I am aware that the audience is predominantly naturally bullish, otherwise why follow closely a sector in the first place. Some of my views might seem overly conservative/cautious; happy to hear thoughts that will make me change my mind. 1/n
Signs of a big correction were there, from mid-September. The Capesize market overshot, and got to $85k/day on the back of positional tightness caused primarily but not solely by weather and the massive spread between Brazil/Pac round which incentivized staying in the Pac
2/n
Iron ore nosedived, from 220 in mid-July to 100> in the first week of Oct. At the same time, c3 was at 50, lower grade long-haul started becoming uncompetitive. $Vale for example has spent years to get its cost at c.$20 so its main cost was by far freight
3/n
(Almost) everyone was of the view that Chinese rhetoric/actions wouldnt be as effective in the hot coal market as, to use a recent FFA line, it was tighter than a 🦀ass. Yet we saw a well-orchestrated attempt by 🇨🇳, immediately being successful in cooling-off prices by 50% 4/n
Positioning: A lot had been said on that, the mkt was long, and that a gamma squeeze was looming because of the OI in the FFA options mkt. To an extent this was true, BUT it is also a convenient excuse of what was/is really going.. A fig leaf hiding possible deeper problems.
5/n
Now at this stage one needs to distinguish between the short-term and the mid/long term outlook. Short-term the mkt looks scary. Ofc there will be periods of consolidation, days when the mkt will bounce,and people will need to hedge or try to pick the bottom bc of fomo
6/n
Money can be made trading such moves, and there are many traders whom i respect a lot, doing successfully exactly that day-in day-out. But in the grand scheme of things this is noise.

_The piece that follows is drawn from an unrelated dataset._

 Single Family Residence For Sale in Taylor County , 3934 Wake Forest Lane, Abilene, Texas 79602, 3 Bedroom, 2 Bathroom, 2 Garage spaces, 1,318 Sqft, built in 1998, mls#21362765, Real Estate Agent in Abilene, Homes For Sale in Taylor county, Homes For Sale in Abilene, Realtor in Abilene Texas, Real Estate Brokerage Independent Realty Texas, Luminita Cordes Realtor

Even in this mkt which is very sentiment driven, fundamentals do prevail eventually.
7/n
What is,and will remain a positive aspect of the mkt is the supply side. Orderbook is and will remain at very low levels for the foreseeable future, for reasons that have been widely discussed recently.
EEXI and container orderbook covering yard capacity to name a couple.
8/n
The picture for the smaller sizes definitely looks a bit better. Coal and grains will move and minor bulks will provide bottom-up flow. If they can get further support from containers AND congestion issues remain unresolved (a big ?) the floor is higher than in recent past 9/n
To end, the picture is not all gloom and doom. However, the Capesize market has NOT found a floor yet. Believing so will surprise ppl negatively. Short-term disruptions will support the mkt but there are reasons indicating that we havent seen the worst for the year yet.
10/n
However, what im certain of, is that what one way or the other, this mkt will keep us on our toes, and will provide amazing opportunities within the next 6-12 months across all ship sizes.